The Law Commissions are jointly engaged in preparing a common code of the law of contract, the law being somewhat different in England and Scotland; in both countries it rests at present primarily on judge-made law rather than on statute. Other codifying projects of the English Law Commission cover the law of landlord and tenant, the entire criminal law and family law. The contract code and the landlord and tenant code are major relatively long-term operations each to be presented to Parliament as a whole, but individual subjects within the subject matter of these codes have been investigated in advance of these codes.9 The criminal code and the code of family law are being built up stage by stage and a number of statutes marking stages in this process have as a result of Law Commission Reports already been passed.10 Apart from the codes, and work on "consolidation" and "revision" of statutes (the nature of which has been described above), the English Law Commission is preparing a variety of reform projects aiming at the simplification of the transfer of land and has dealt or is still dealing with various subjects concerned with the law of "torts" (e.g. limitation of actions, assessment of damages, civil liability for animals and for defective buildings). It has surveyed the present law of "strict liability" to the limited extent that it exists in English common law, but it has not been able to undertake any far-reaching enquiry into some of the now frequently discussed alternatives to liability based on negligence (such as, for example, strictliability for a wide category of risk-creating objects or activities or, as is now in course of introduction in New Zealand, a compulsory scheme of insurance against accidents giving rise to personal injury). This is
one of the rare cases where the ministerial "veto", referred to above, on an item in a Law Commission's programme has come into operation. Finally mention may be made of a Working Paper which has been published on administrative law. It is far from being true that the English legal system has no system of administrative law but it has been developed piecemeal and is very technical. The Law Commission previously recommended a wide-ranging enquiry into administrative law but this recommendation has not, at least so far, been accepted by either the present or the previous Government. Meanwhile the Law Commission has been asked to carry out a limited enquiry into the existing remedies whereby judicial control is exercised over administrative acts and omissions and this it has done in the abovementioned paper; it provisionally recommends a single comprehensive "application for review" flexible in its scope and in the type of relief which it can afford.

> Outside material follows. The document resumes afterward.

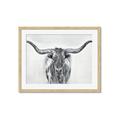 Picture of Painted Longhorn Bull _GroupedProduct_Rectangle_Landscape_Framed_Matted_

In spite of these not inconsiderable achievements in a relatively short time, it is too early to generalize about the pattern of English or Scottish law which is likely to emerge as a result of the law reforming activities which have been described in this article. What should be emphasized is that the United Kingdom has now relatively firmly established institutions for keeping the law abreast of the needs of the times. This in itself is "a law reform" of some magnitude.